Owens Reduced to Tears as Garbage Plan is Attacked by Businessman

By Mike Hudson and Frank Parlato

June 17, 2014

Garbage expert Donna Owens plan was so flawed she cried when challenged.

Third Street businessman Craig Avery lambasted City Administrator Donna Owens and called for her resignation at a public meeting two weeks ago – an event that went unreported in the local daily newspapers.

He followed up with an internet article on his Niagara Hub website (, writing that Owens should "take the next train out of town."

At the meeting, several witnesses said that Owens was visibly shaken and reduced to the point of tears. City Councilmen Andrew Touma and Bob Anderson came up from the audience to mercifully end the meeting, which was held in City Council chambers.
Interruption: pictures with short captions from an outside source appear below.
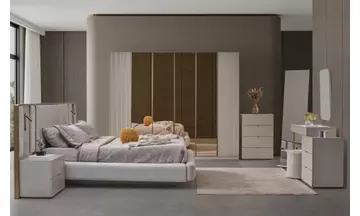 Hermes Yatak Odası Takımı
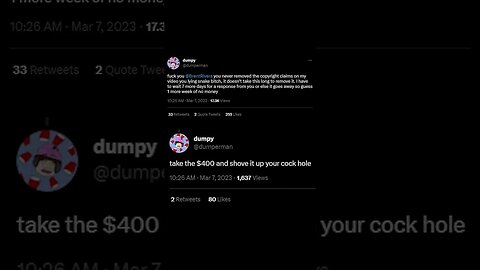 Brent Rivera LIED to Dumpy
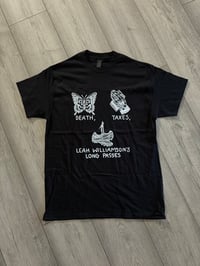 Image 2 of Death & Taxes T-Shirt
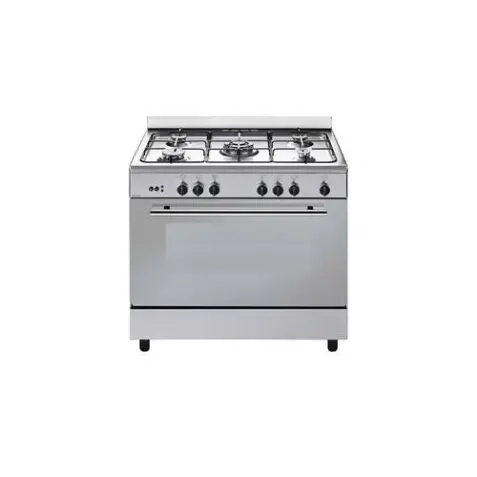 Piano de cuisson Airlux 90cm Inox - CC902ETIX3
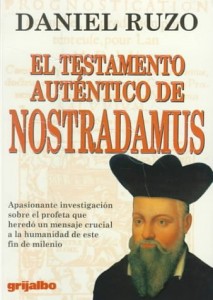 Baixar Testamento autentico de nostradamus, el pdf, epub, eBook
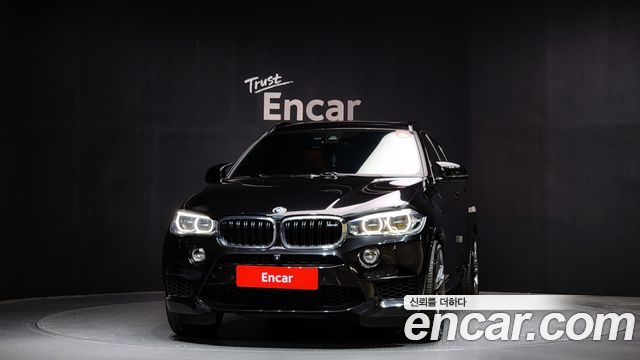 BMW Х6М (Ф16) 2018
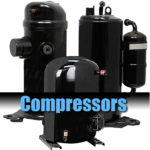 HVAC Repair Parts Compressor 015.02900.004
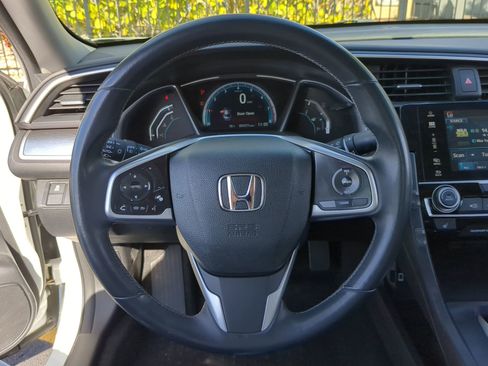 Used 2017 Honda Civic EX-L image 29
The city had negotiated a garbage hauling agreement behind closed doors with Modern Disposal Corp. of Lewiston. Owens and her boss, Mayor Paul Dyster, negotiated the deal.

Apparently, Owens was qualified to negotiate the garbage deal because of her brief experience as deputy commissioner of solid waste services for the city of Atlanta, Ga.

Among other things, the Owens-Dyster plan calls for city residents to reduce their garbage output each week to what can be placed inside a 64 gallon tote, the lowest size tote for garbage in any community.

Under the new plan, nothing else can be placed at the curb except recyclables.

Summer grass clippings, in particular, are expected to be problematic for city residents, unless modifications to the plan are negotiated.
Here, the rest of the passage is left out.